In this case, we say that \(A\) is orthogonally diagonalizable.

Definition 7.1.4

If there is an orthonormal basis of \(\mathbb R^n\) consisting of eigenvectors of the matrix \(A\text{,}\) we say that \(A\) is orthogonally diagonalizable.
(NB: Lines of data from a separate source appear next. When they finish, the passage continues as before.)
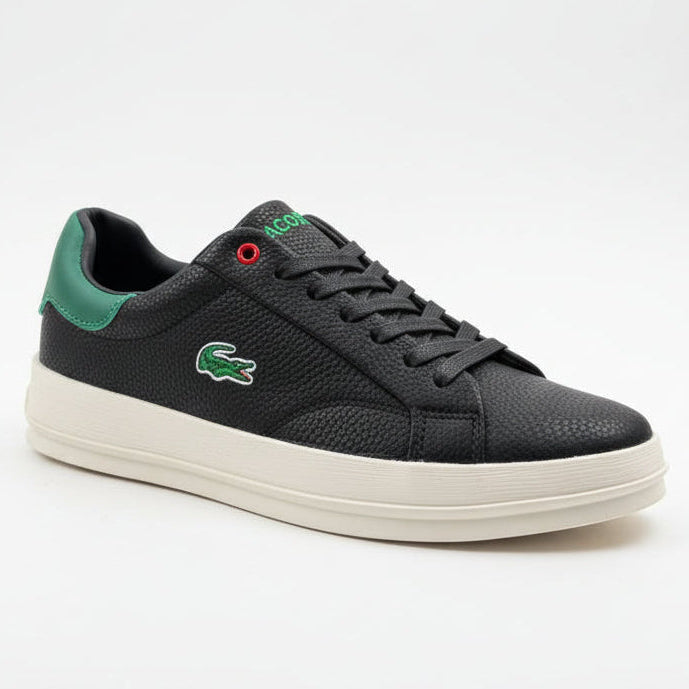 Lacoste Premium Leather Low-Top Sneakers – Classic Men’s Casual Shoes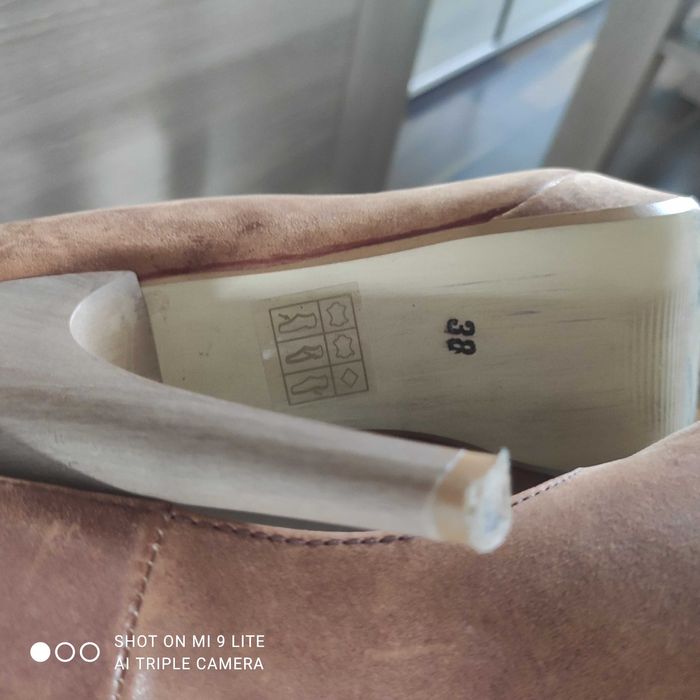 Buty szpilki 38 skóra naturalna jak nowe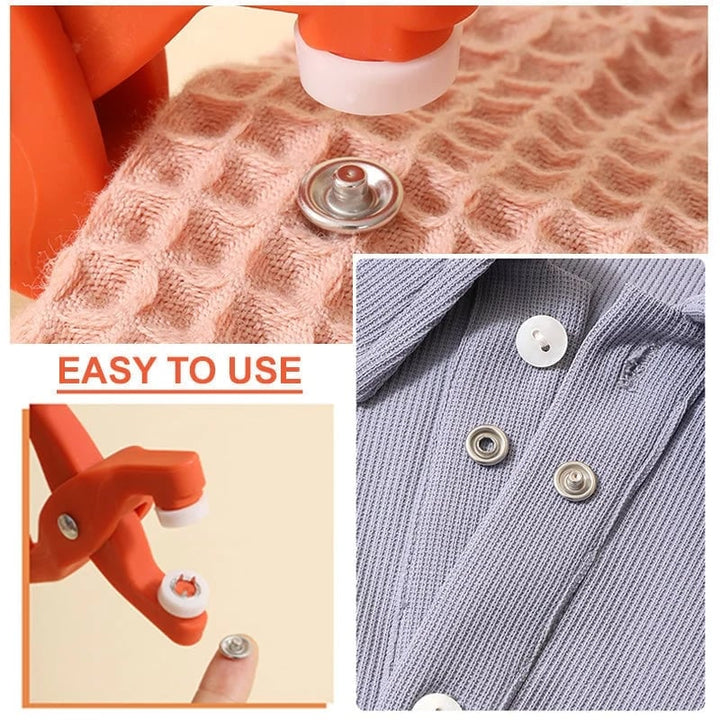 Druckknopf-Set mit Zange | Edelstahl-Druckknöpfe 9,5 mm für Kleidung, Näharbeiten und DIY-Reparaturen
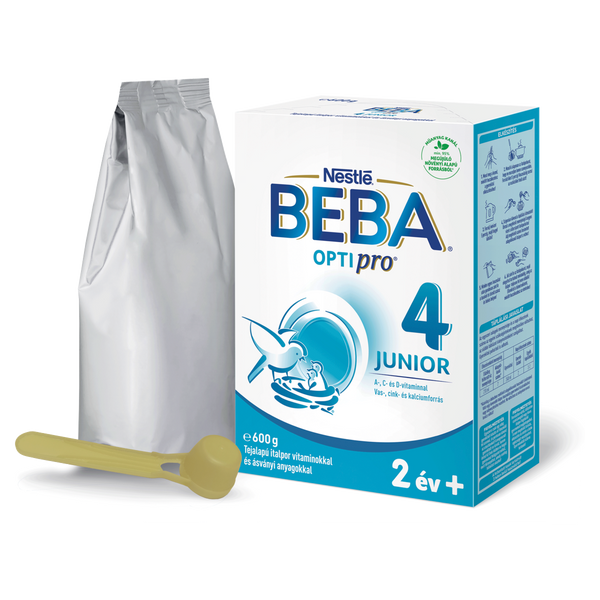 BEBA OPTIpro 4 Junior tejalapú italpor 2 éves kortól 600g - Kép 2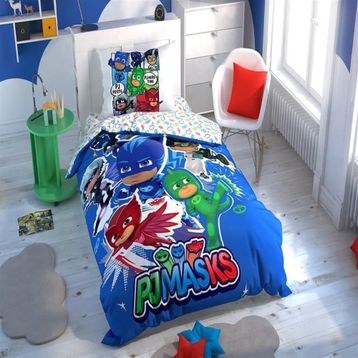 Taç Lisansli Pj Masks Nevresim Takımı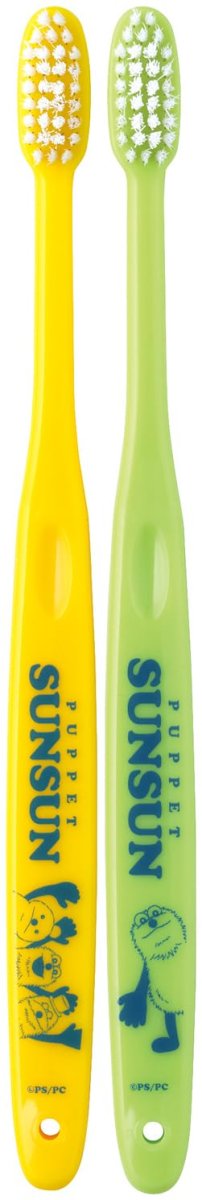 画像1: スケーター（Ｓｋａｔｅｒ） 歯ブラシ １８ｃｍ コンパクトヘッド ２本組 ふつう パペットスンスン ＴＢＮ１Ｗ?Ａ (1)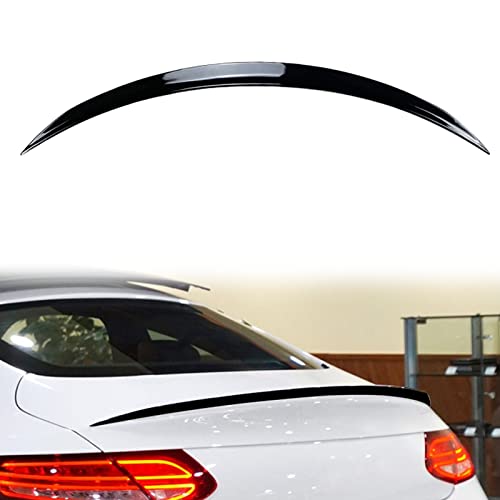 Aileron arrière brillant noir pour Benz Classe C Coupé C205 style AMG 2015-2021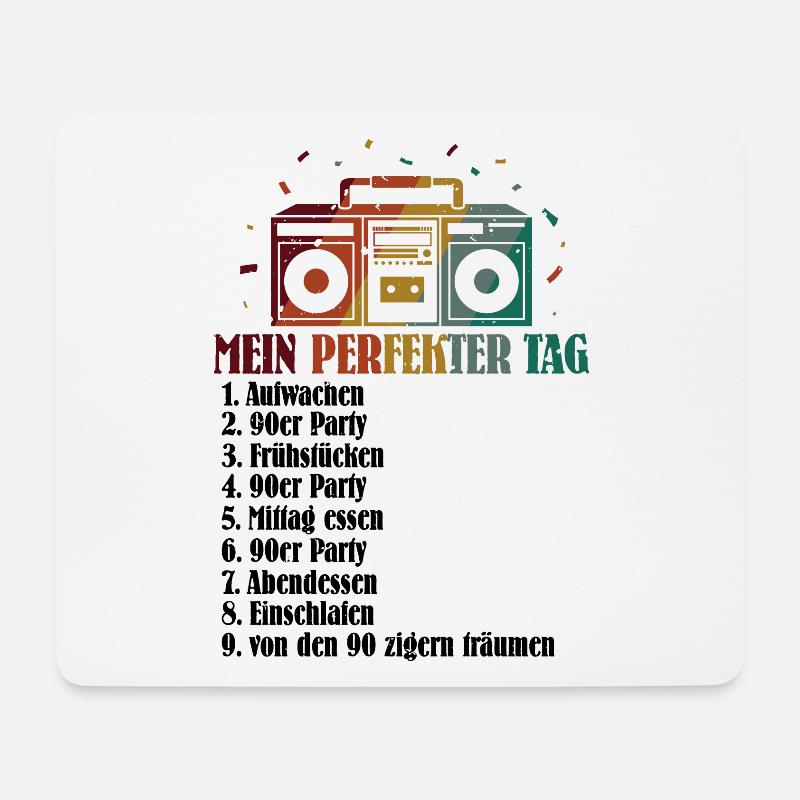 Mein Perfekter Tag - Mousepad (Querformat) - Weiß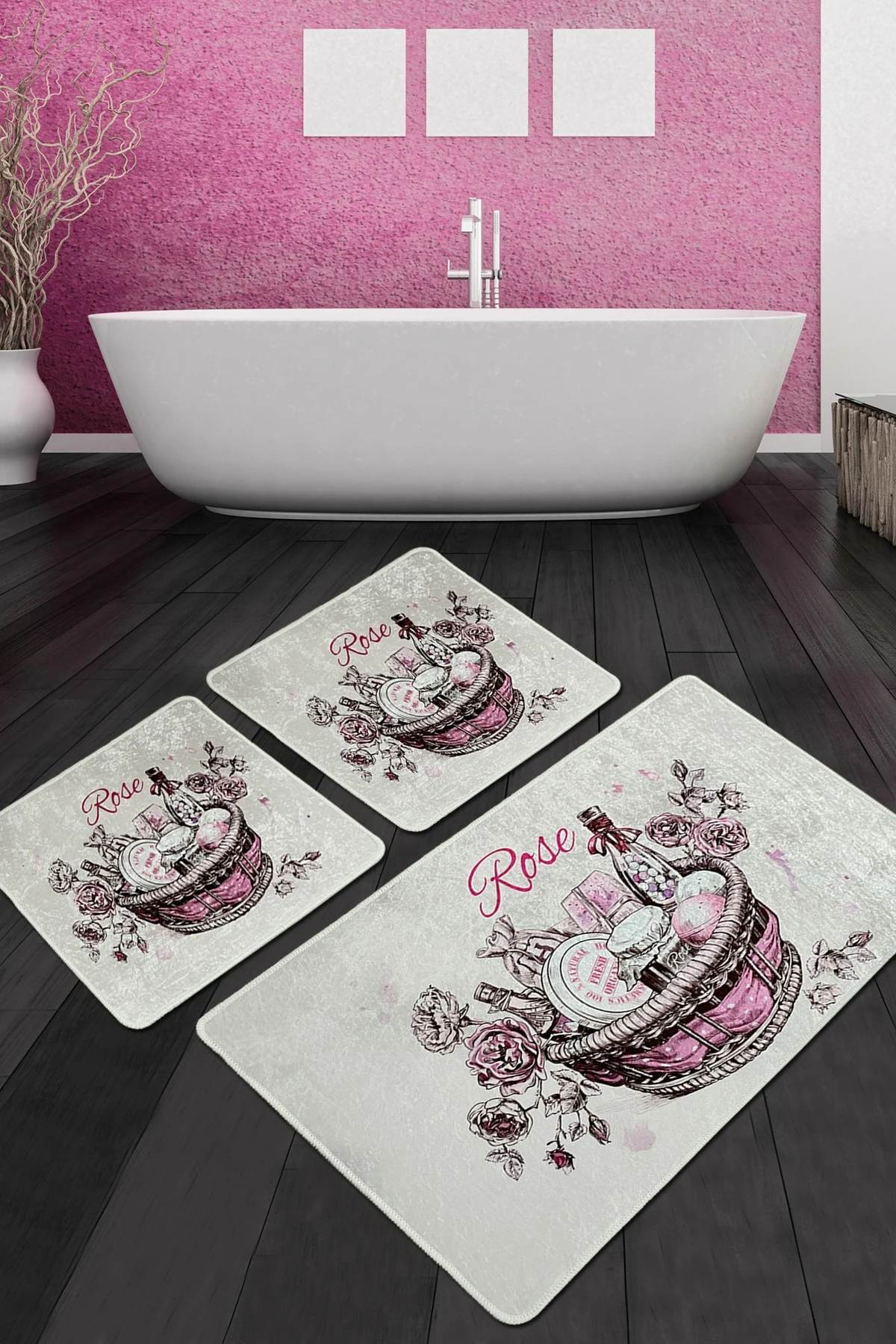 Set tapetash për banjo (3 copë), Mijölnir, Rose Basket Djt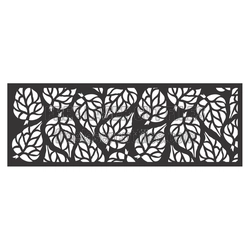 Leaf Pattern Decorative Laser Cut Panel, Ready to Cut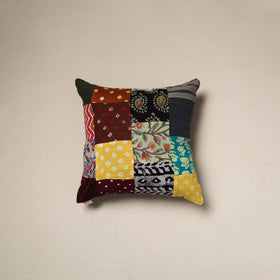 Handcrafted cotton patchwork cushion cover 126
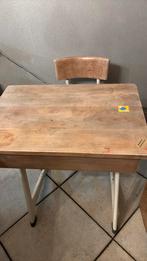 Retro kinder bureau en stoeltje, Kinderen en Baby's, Ophalen, Gebruikt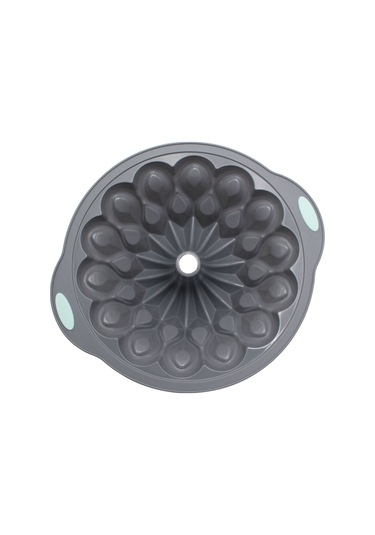 Yuvarlak Kek Kalıbı Silikon Kek Kalıbı Yapışmaz Kek Tavası Pişirme Kalıbı Gri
In particular, we can write \(A=QDQ^T\) where \(Q\) is an orthogonal matrix.

When \(A\) is orthogonally diagonalizable, notice that

\begin{equation*} A^T=(QDQ^T)^T = (Q^T)^TD^TQ^T = QDQ^T = A. \end{equation*}

That is, when \(A\) is orthogonally diagonalizable, \(A=A^T\) and we say that \(A\) is symmetric.

Definition 7.1.5

A symmetric matrix \(A\) is one for which \(A=A^T\text{.}\)

Example 7.1.6

Consider the matrix \(A = \begin{bmatrix} -2 & 36 \\ 36 & -23 \end{bmatrix} \text{,}\) which has eigenvectors \(\mathbf v_1 = \twovec43\text{,}\) with associated eigenvalue \(\lambda_1=25\text{,}\) and \(\mathbf v_2=\twovec{3}{-4}\text{,}\) with associated eigenvalue \(\lambda_2=-50\text{.}\) Notice that \(\mathbf v_1\) and \(\mathbf v_2\) are orthogonal so we can form an orthonormal basis of eigenvectors:

\begin{equation*} \mathbf u_1 = \twovec{4/5}{3/5}, \hspace{24pt} \mathbf u_1 = \twovec{3/5}{-4/5}\text{.} \end{equation*}

In this way, we construct the matrices

\begin{equation*} Q = \begin{bmatrix} 4/5 & 3/5 \\ 3/5 & -4/5 \\ \end{bmatrix}, \hspace{24pt} D = \begin{bmatrix} 25 & 0 \\ 0 & -50 \end{bmatrix} \end{equation*}

and note that \(A = QDQ^T\text{.}\)

Notice also that, as expected, \(A\) is symmetric; that is, \(A=A^T\text{.}\)

Example 7.1.7

If \(A = \begin{bmatrix} 1 & 2 \\ 2 & 1 \\ \end{bmatrix} \text{,}\) then there is an orthogonal basis of eigenvectors \(\mathbf v_1 = \twovec11\) and \(\mathbf v_2 = \twovec{-1}1\) with eigenvalues \(\lambda_1=3\) and \(\lambda_2=-1\text{.}\) Using these eigenvectors, we form the orthogonal matrix \(Q\) consisting of eigenvectors and the diagonal matrix \(D\text{,}\) where

\begin{equation*} Q = \begin{bmatrix} 1/\sqrt{2} & -1/\sqrt{2} \\ 1/\sqrt{2} & 1/\sqrt{2} \end{bmatrix},\hspace{24pt} D = \begin{bmatrix} 3 & 0 \\ 0 & - 1 \end{bmatrix}. \end{equation*}

Then we have \(A = QDQ^T\text{.}\)

Notice that the matrix transformation represented by \(Q\) is a \(45^\circ\) rotation while that represented by \(Q^T=Q^{-1}\) is a \(-45^\circ\) rotation. Therefore, if we multiply a vector \(\mathbf x\) by \(A\text{,}\) we can decompose the multiplication as

\begin{equation*} A\mathbf x = Q(D(Q^T\mathbf x)). \end{equation*}

That is, we first rotate \(\mathbf x\) by \(-45^\circ\text{,}\) then apply the diagonal matrix \(D\text{,}\) which stretches and reflects, and finally rotate by \(45^\circ\text{.}\) We may visualize this factorization as in Figure 7.1.8.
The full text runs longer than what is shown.